Practice Hospitality With Whom

Paul bids the Romans to “practice hospitality.” There is a nuance to that statement that I had never been aware of before today. The term specifically references the warm welcome that is extended to a stranger, someone who doesn’t belong to the family. And with that nuance, I believe it presents something more than a cup of coffee or punch in an after worship social environment.         Hospitality is what we do to make guests welcomed.
 
Many churches don’t do hospitality – for what they would call hospitality only serves to make those who   belong welcome.  Surprisingly, some churches are infamous for choosing to ignore their guests.
 
Yet, week after week, we hear from guests that FCC Chicago is a welcoming and friendly place. Our guests  express to us that our church family does a tremendous job of making them feel like they belong by greeting them and engaging them in conversation, and inviting them to Connection Groups.  All of that is hospitality! And we are doing a good job at it.
 
Now, let me ask that you go the next step. We do a tremendous job of demonstrating hospitality to guests within the church building. What if we extended hospitality beyond the church walls to those guests?
 
  • What if we exchanged phone numbers with those guests, and made a call to them during the week to share that we were glad to meet them?

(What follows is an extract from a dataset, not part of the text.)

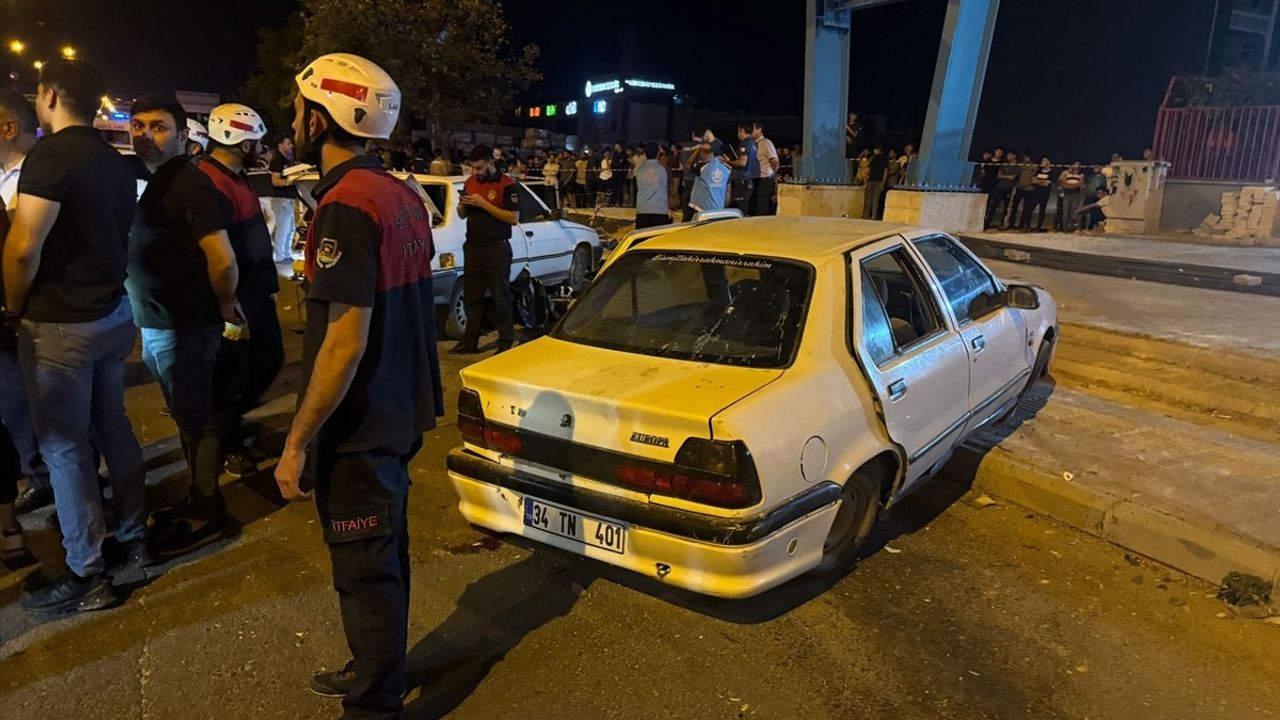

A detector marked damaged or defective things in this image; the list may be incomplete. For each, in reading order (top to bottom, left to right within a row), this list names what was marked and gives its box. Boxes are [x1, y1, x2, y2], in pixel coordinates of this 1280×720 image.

  • What if we invited them out to eat with us on Sunday following Connection Groups, and take the chance to get to know their story?
  • What if we planned to meet them during the week for a cup of coffee?
  • What if we invited them to our homes for dinner, and a chance to play some games with the family?
 

Can we choose to do that? What difference do you think such actions would make in helping people to connect with the church, see the church as a community of grace, and feel further loved by the church? Let’s not just practice hospitality. Let’s perfect it.